What the core library does NOT include: - Infrastructure features (queues, schedulers, rate limiting) - should be implemented externally - Advanced features (distributed execution) - should be optional extensions or built on top of core - Execution strategies (retry mechanisms) - should be implemented via extensions

Core Features¶

Task Tree Dependent Validation¶

Status: ✅ COMPLETED

✅ Completed¶

Circular dependency detection using DFS algorithm
Single task tree validation (ensures all tasks are in the same tree)
Validation that only one root task exists
Verification that all tasks are reachable from root task via parent_id chain
Dependent Task Inclusion Validation
✅ Identify tasks that depend on a given task
✅ Transitive dependency detection
✅ Validation step to check dependent task inclusion
✅ Comprehensive unit tests for dependent task inclusion validation
Task Copy Functionality
✅ Task tree re-execution support (TaskCreator.create_task_copy())
✅ Automatically include dependent tasks when copying
✅ Handle transitive dependencies
✅ Special handling for failed leaf nodes
✅ Build minimal subtree containing required tasks
✅ Link copied tasks to original tasks via original_task_id field
✅ API endpoint tasks.copy via JSON-RPC
✅ CLI command tasks copy <task_id>
✅ Comprehensive test coverage

External/Extension Features¶

The following features are not part of the core library.

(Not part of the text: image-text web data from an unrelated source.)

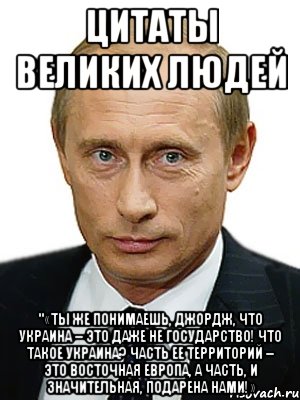 Цитаты великих людей "«Ты же понимаешь, Джордж, что Украина – это даже не государство! Что такое Украина? Часть ее территорий – это Восточная Европа, а часть, и значительная, подарена нами!», Мем Путин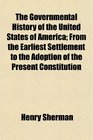 The Governmental History of the United States of America From the Earliest Settlement to the Adoption of the Present Constitution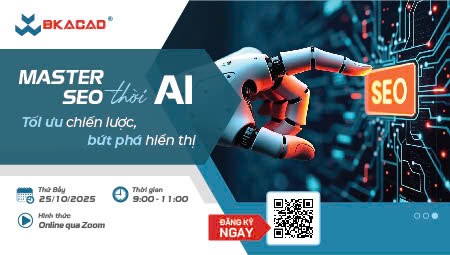 MỜI THAM DỰ WEBINAR “MASTER SEO THỜI AI – TỐI ƯU CHIẾN LƯỢC, BỨT PHÁ HIỂN THỊ”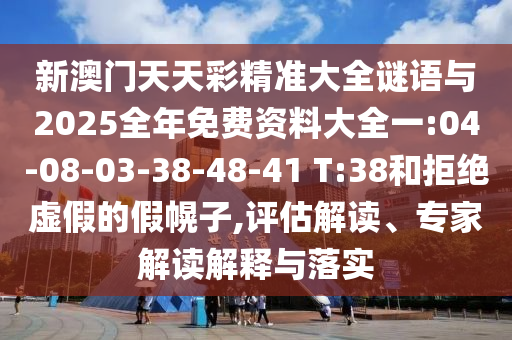 新澳門天天彩精準(zhǔn)大全謎語與2025全年免費資料大全一:04-08-03-38-48-41 T:38和拒絕虛假的假幌子,評估解讀、專家解讀解釋與落實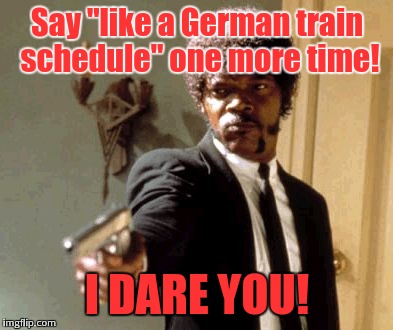 If you'd've ever been to Germany, you'd know better. | Say "like a German train schedule" one more time! I DARE YOU! | image tagged in memes,say that again i dare you,german,train | made w/ Imgflip meme maker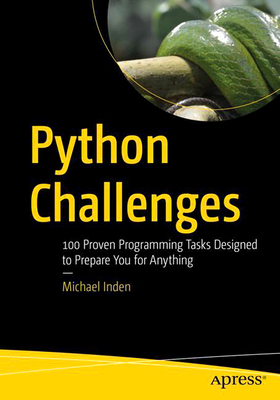 Python Challenges: 100 Proven Programming Tasks Designed to Prepare You for Anything - Inden, Michael
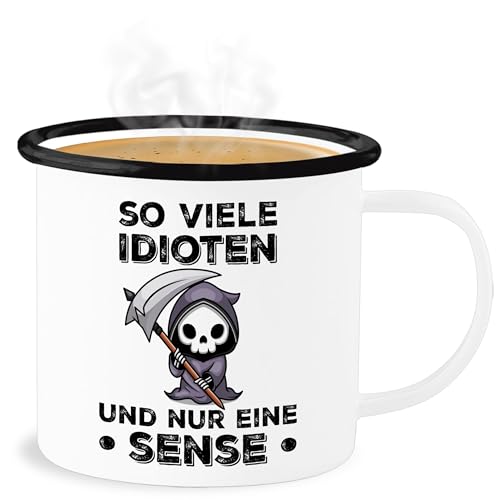 Emaille Becher Blechbecher - Statement - So viele Idioten und nur eine Sense - Sarkasmus Büro Arbeit Geschenk - 300 ml - Weiß Schwarz - statements geschenke tasse von Shirtracer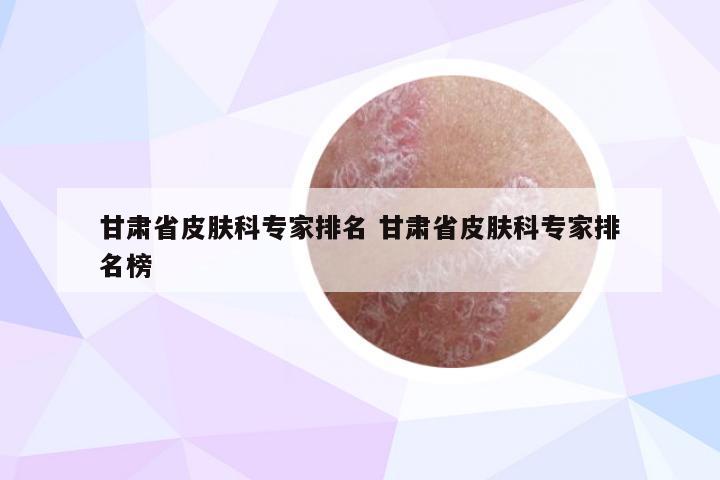 甘肃省皮肤科专家排名 甘肃省皮肤科专家排名榜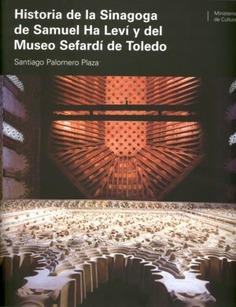 Historia de la sinagoga de Samuel Ha-Leví y del Museo Sefardí de Toledo
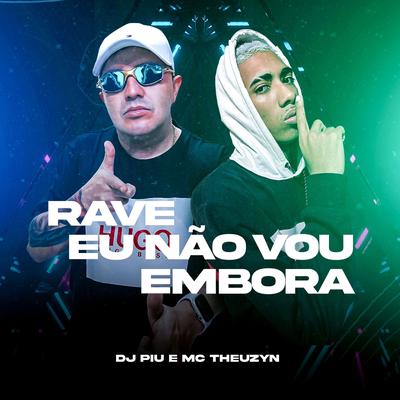 Rave Eu Não Vou Embora's cover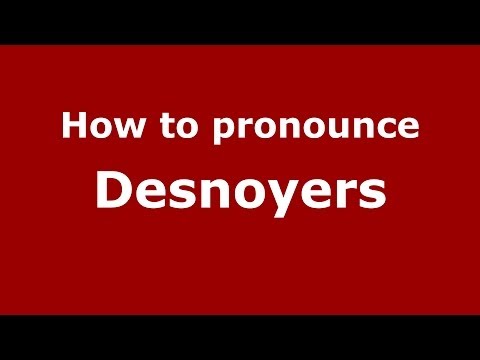 How to Pronounce Desnoyers - PronounceNames.com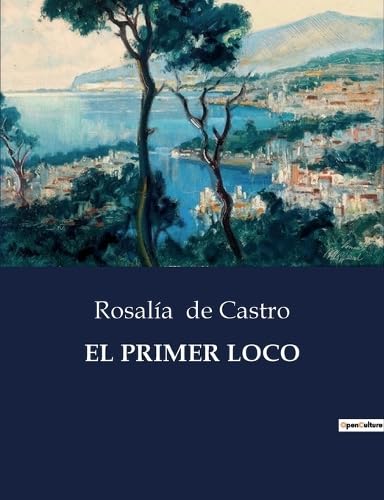 Imagen de archivo de EL PRIMER LOCO a la venta por Ria Christie Collections
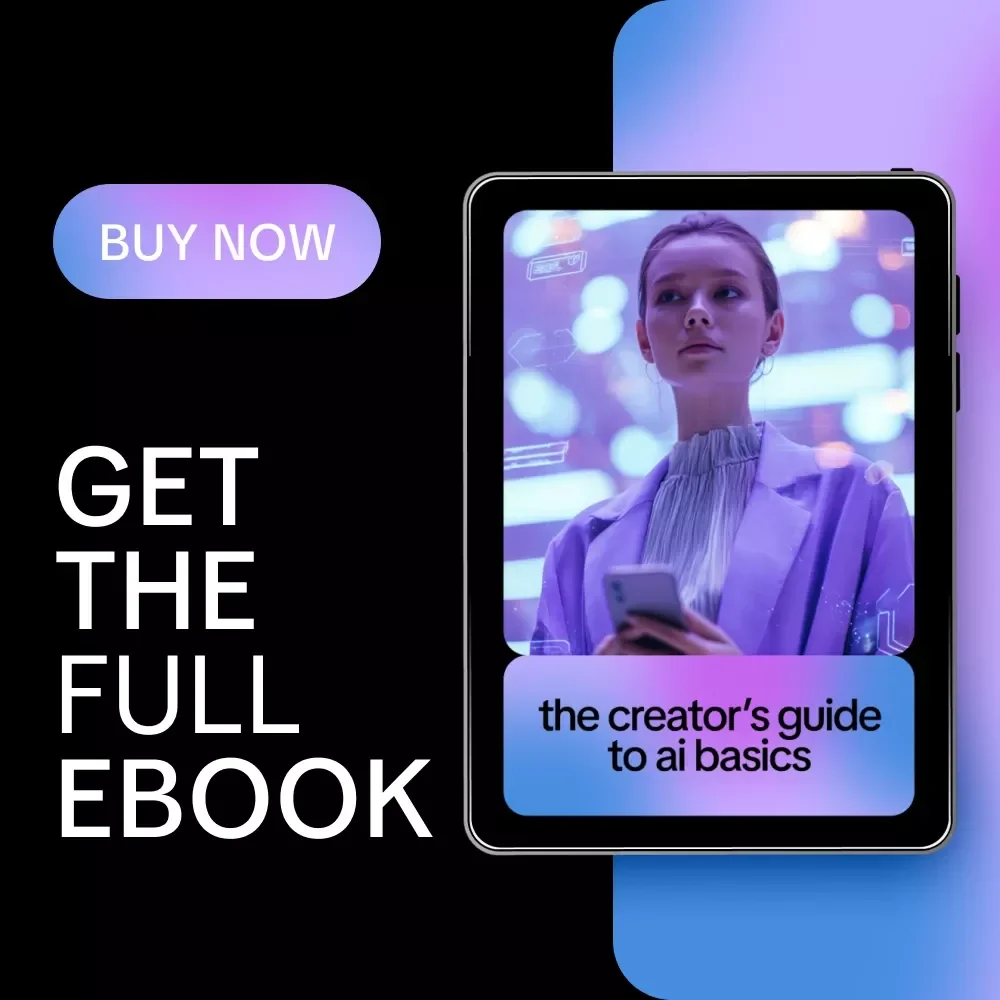 The Creator’s Guide to AI Basics: Digital Download eBook, AI for Creators, Creative Workflow Checklist, Beginner-Friendly AI Guide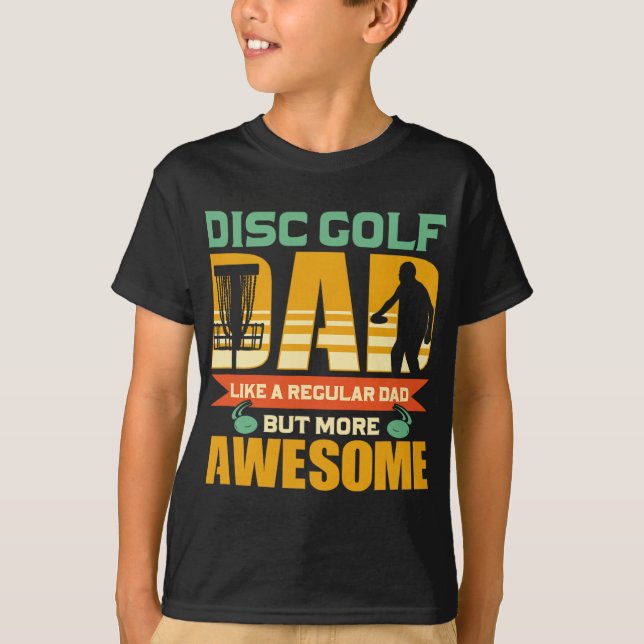 Disc Golf Dad Father - Flying Disc - Disc Golf  T-Shirt (Vorderseite)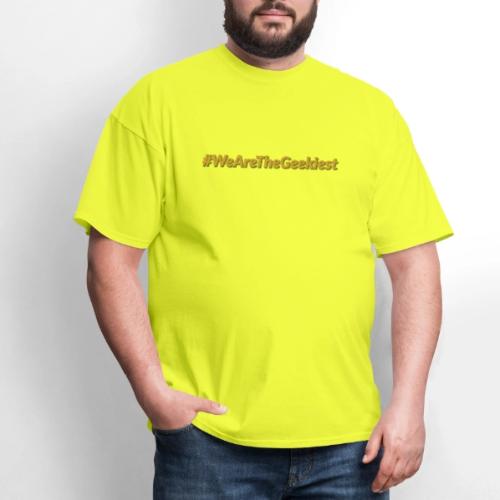 #WeAreTheGeekiest - Men's T-Shirt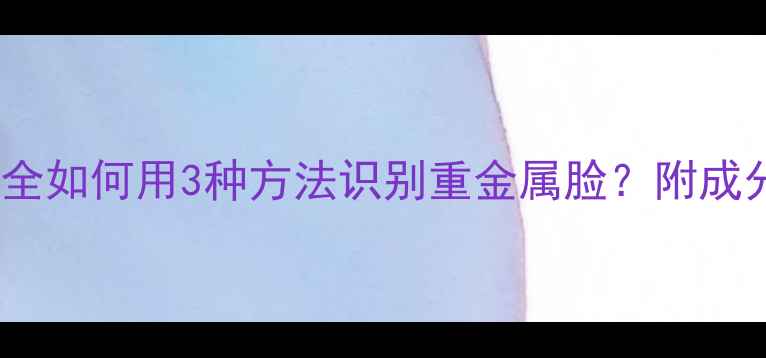 图片 铅汞检测方法全如何用3种方法识别重金属脸？附成分表避坑指南2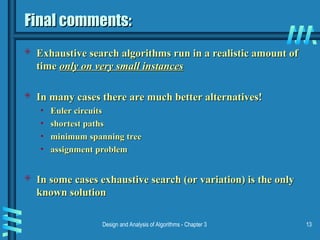 Design and Analysis of Algorithms - Chapter 3 13
Final comments:
Final comments:
 Exhaustive search algorithms run in a realistic amount of
Exhaustive search algorithms run in a realistic amount of
time
time only on very small instances
only on very small instances
 In many cases there are much better alternatives!
In many cases there are much better alternatives!
• Euler circuits
Euler circuits
• shortest paths
shortest paths
• minimum spanning tree
minimum spanning tree
• assignment problem
assignment problem
 In some cases exhaustive search (or variation) is the only
In some cases exhaustive search (or variation) is the only
known solution
known solution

They should be implemented externally or as optional extensions:

Task Queue and Scheduling System¶

Status: 🔄 EXTERNAL IMPLEMENTATION

Recommendation: Use external schedulers (cron, celery beat, APScheduler, etc.)

Why not in core: - Task queue is infrastructure functionality, not core orchestration - Core library focuses on task orchestration specifications, not infrastructure management - External schedulers are mature and well-tested solutions

Implementation Approach: - External schedulers call API endpoints (tasks.create or tasks.copy) at scheduled times - Core library provides task creation and execution interfaces - Existing priority field already supports priority-based execution - Dependency management is already handled by core library

Example:

# Cron job to create tasks at scheduled time
0 0 * * * curl -X POST http://localhost:8000/tasks -d '{"method": "tasks.create", "params": {...}}'

# Or use celery beat for recurring tasks
@periodic_task(run_every=crontab(hour=0, minute=0))
def scheduled_task():
    # Call API to create/copy tasks
    pass

Retry Mechanism¶

Status: 🔄 EXTENSION IMPLEMENTATION

Recommendation: Implement via extension system (RetryExecutor wrapper) or use create_task_copy for manual retry

Why not in core: - Retry is an execution strategy, not core orchestration functionality - Core library should remain simple and focused - Can be implemented as an extension wrapper around executors

Implementation Approaches:

Extension-based Retry (Recommended):

# Create RetryExecutor extension
class RetryExecutor(ExecutableTask):
    def __init__(self, executor: ExecutableTask, max_retries: int = 3):
        self.executor = executor
        self.max_retries = max_retries

    async def execute(self, inputs):
        for attempt in range(self.max_retries):
            try:
                return await self.executor.execute(inputs)
            except Exception as e:
                if attempt == self.max_retries - 1:
                    raise
                await asyncio.sleep(2 ** attempt)  # Exponential backoff

Manual Retry via Task Copy:

# Use create_task_copy for failed tasks
if task.status == "failed":
    # Copy task with its dependencies
    new_tree = await task_creator.create_task_copy(task, children=False)
    await task_manager.distribute_task_tree(new_tree)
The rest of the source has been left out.